Рулевой, поднявшись в рубку, чтобы сменить капитана, спросил:
– Сванте, почему ты не отзываешься на приветствия?
– Кастрачий гудок, тонкий и хриплый, – неохотно пробурчал капитан. – Не хочу позориться. Вернемся, выкину эту свиристелку к чертям.
– Не выбросишь. Я восемь лет с тобой плаваю. В рейсе ты такой щедрый, все обещаешь. А возвращаемся, и из тебя не выдавишь лишнюю крону.
– Понимаешь, они маленькие и слишком круглые, эти самые кроны, – с добротой в голосе пояснил Сванте. – Не успеешь взять их в руки, глядь, а они все уже куда-то закатились.
– Это твоя постоянная сказка.
– Надеюсь, уж ты-то на меня не обижаешься?
– Не обижаюсь. Потому что остальные еще большие живоглоты, чем ты. Мне маклер Ульсон сказал, что ты с него содрал за все, за что только смог. За груз, за пассажиров, за страховку, за риск.
– Почему содрал? Получил. Разве мы сейчас не рискуем?
– Надеюсь, и нам с кочегаром из этого что-то перепадет, – с надеждой сказал рулевой и, приняв от Сванте штурвал, оттеснил его в сторону.
– Хельсинки остались за кормой, – напомнил Сванте. – Теперь смотри в оба. Это – о риске.
Рулевой бросил взгляд на расстеленную перед ним лоцманскую карту.
– Вроде мелей здесь нет.
– Здесь кое-что страшнее мелей: корабли Антанты.
Капитан спустился вниз, прошелся по помещениям, задраил иллюминаторы, чтобы наружу не проникал свет. За бортом свистел ветер. Тяжелые удары волн раз за разом сотрясали пароходик. Его корпус скрипел и трещал, будто вот-вот рассыплется.
Пассажиры молча сидели в общей каюте. На коленях у Кольцова примостился Корсар. Он мирно дремал, уже давно привыкнув к штормам. Пассажиры были напряжены, скрип и потрескиванье корпуса пароходика не вселял в них оптимизм.
Сванте ласково потрепал сонного кота за ушко, и тот коротко отозвался, недовольный, что его разбудили.
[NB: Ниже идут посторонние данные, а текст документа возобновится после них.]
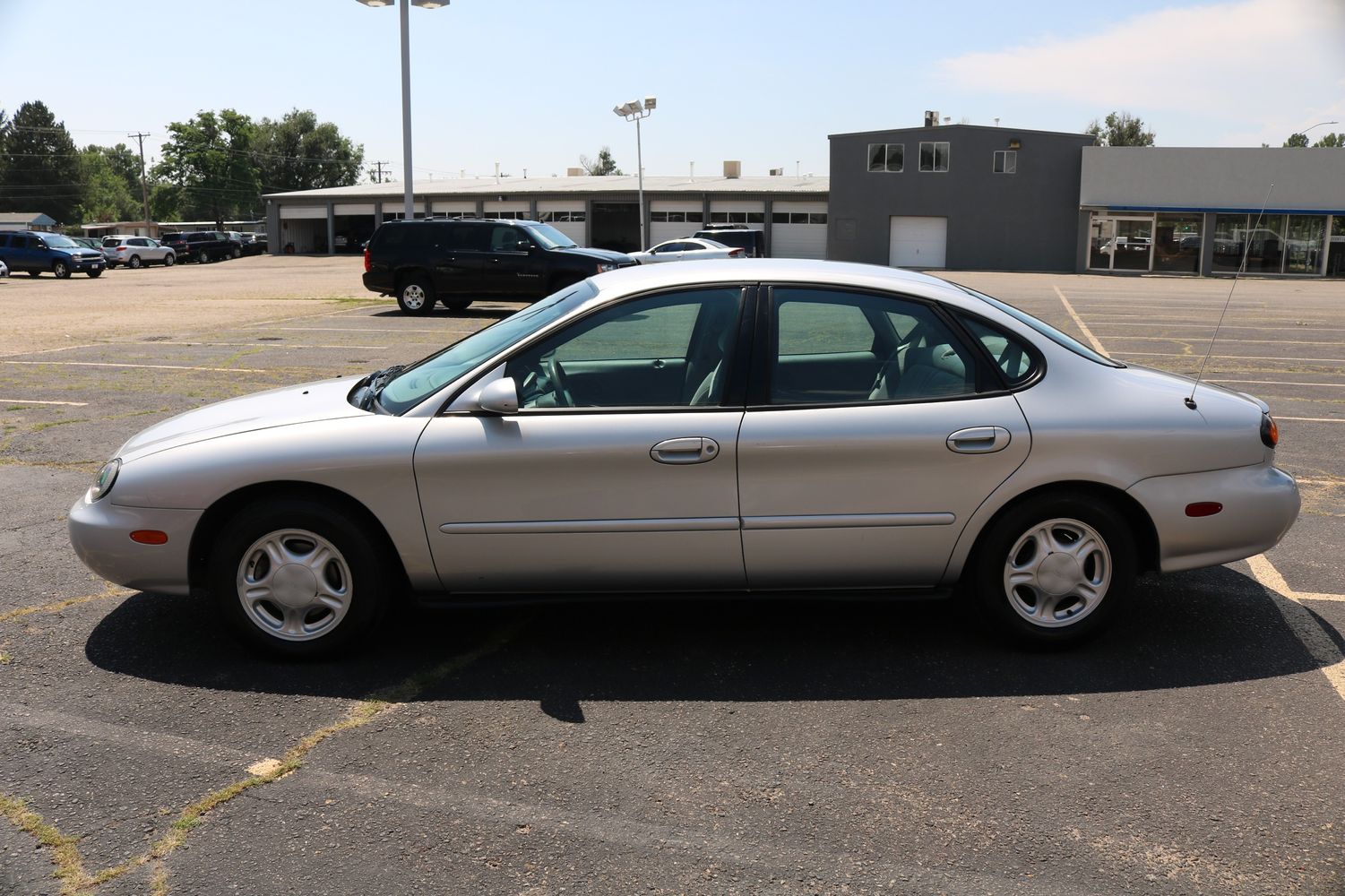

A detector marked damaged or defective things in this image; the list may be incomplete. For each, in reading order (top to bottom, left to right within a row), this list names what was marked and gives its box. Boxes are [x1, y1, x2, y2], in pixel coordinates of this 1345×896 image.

crack in asphalt [0, 618, 522, 887]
Улыбнувшись пассажирам, капитан поднял большой палец вверх:
– Вери гуд… Ка-ра-шо!
В ответ пассажиры тоже ему заулыбались.
Под утро, в предрассветных сумерках, рулевой еще издали увидел скользящий по морю луч прожектора. Он нажал на кнопку звонка, и уже через минуту в рубке появился заспанный капитан.
– Что случилось?
– Пока еще ничего, – и рулевой указал вдаль. – Прожектор.